= Beginning of Section =

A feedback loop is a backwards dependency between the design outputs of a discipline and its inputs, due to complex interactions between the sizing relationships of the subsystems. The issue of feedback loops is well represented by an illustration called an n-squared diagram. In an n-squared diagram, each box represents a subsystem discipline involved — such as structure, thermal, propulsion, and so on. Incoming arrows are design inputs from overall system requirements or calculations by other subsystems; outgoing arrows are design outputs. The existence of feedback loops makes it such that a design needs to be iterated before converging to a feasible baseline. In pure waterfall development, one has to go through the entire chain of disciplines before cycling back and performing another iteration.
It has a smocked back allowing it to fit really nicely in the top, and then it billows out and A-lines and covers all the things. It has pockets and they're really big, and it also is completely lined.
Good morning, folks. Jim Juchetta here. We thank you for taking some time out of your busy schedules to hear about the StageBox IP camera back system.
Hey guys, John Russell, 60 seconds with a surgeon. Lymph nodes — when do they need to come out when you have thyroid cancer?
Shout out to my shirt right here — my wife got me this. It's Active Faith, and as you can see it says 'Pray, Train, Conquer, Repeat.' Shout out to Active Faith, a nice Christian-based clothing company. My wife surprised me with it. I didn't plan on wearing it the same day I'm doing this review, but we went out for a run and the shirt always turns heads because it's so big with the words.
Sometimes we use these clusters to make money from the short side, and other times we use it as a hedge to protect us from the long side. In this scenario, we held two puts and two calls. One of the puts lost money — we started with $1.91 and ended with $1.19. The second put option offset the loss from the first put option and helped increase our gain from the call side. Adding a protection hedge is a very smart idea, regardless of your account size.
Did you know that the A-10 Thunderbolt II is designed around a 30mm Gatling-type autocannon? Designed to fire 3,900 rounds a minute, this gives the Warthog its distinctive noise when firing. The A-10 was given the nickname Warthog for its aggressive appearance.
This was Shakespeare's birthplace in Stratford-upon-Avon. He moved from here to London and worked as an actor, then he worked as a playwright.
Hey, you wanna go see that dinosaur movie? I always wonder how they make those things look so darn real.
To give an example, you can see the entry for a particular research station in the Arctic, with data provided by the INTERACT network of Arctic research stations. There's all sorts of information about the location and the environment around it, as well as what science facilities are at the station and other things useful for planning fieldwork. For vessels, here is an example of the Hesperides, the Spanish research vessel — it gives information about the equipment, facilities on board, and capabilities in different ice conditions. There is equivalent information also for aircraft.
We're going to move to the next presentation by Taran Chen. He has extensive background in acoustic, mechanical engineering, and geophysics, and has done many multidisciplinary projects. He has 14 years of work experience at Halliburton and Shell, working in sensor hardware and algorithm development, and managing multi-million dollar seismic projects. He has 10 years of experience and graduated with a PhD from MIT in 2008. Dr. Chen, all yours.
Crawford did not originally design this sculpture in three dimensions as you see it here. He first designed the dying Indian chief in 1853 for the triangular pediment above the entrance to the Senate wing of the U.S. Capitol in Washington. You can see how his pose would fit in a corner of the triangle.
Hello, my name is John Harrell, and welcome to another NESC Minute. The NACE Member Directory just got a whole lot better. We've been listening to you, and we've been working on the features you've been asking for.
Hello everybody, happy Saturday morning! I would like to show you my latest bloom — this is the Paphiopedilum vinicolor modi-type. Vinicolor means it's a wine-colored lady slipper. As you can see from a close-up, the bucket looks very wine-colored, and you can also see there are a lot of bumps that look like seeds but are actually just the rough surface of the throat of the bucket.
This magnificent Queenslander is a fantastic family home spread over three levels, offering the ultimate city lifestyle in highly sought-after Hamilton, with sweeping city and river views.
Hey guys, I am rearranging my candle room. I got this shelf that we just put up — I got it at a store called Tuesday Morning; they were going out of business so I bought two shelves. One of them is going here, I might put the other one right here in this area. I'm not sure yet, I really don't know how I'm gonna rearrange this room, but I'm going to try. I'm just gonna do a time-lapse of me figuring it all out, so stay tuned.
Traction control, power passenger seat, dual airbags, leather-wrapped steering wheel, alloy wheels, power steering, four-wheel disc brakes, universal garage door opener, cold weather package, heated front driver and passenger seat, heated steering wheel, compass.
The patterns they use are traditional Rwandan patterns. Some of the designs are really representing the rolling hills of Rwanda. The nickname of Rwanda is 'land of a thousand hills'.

= End of Section =

> [ASSIGNMENT] Each line with "Hello" in it must be identified and copied from the material.

> [WORKED SOLUTION]
Hello, my name is John Harrell, and welcome to another NESC Minute. The NACE Member Directory just got a whole lot better. We've been listening to you, and we've been working on the features you've been asking for.
Hello everybody, happy Saturday morning! I would like to show you my latest bloom — this is the Paphiopedilum vinicolor modi-type. Vinicolor means it's a wine-colored lady slipper. As you can see from a close-up, the bucket looks very wine-colored, and you can also see there are a lot of bumps that look like seeds but are actually just the rough surface of the throat of the bucket.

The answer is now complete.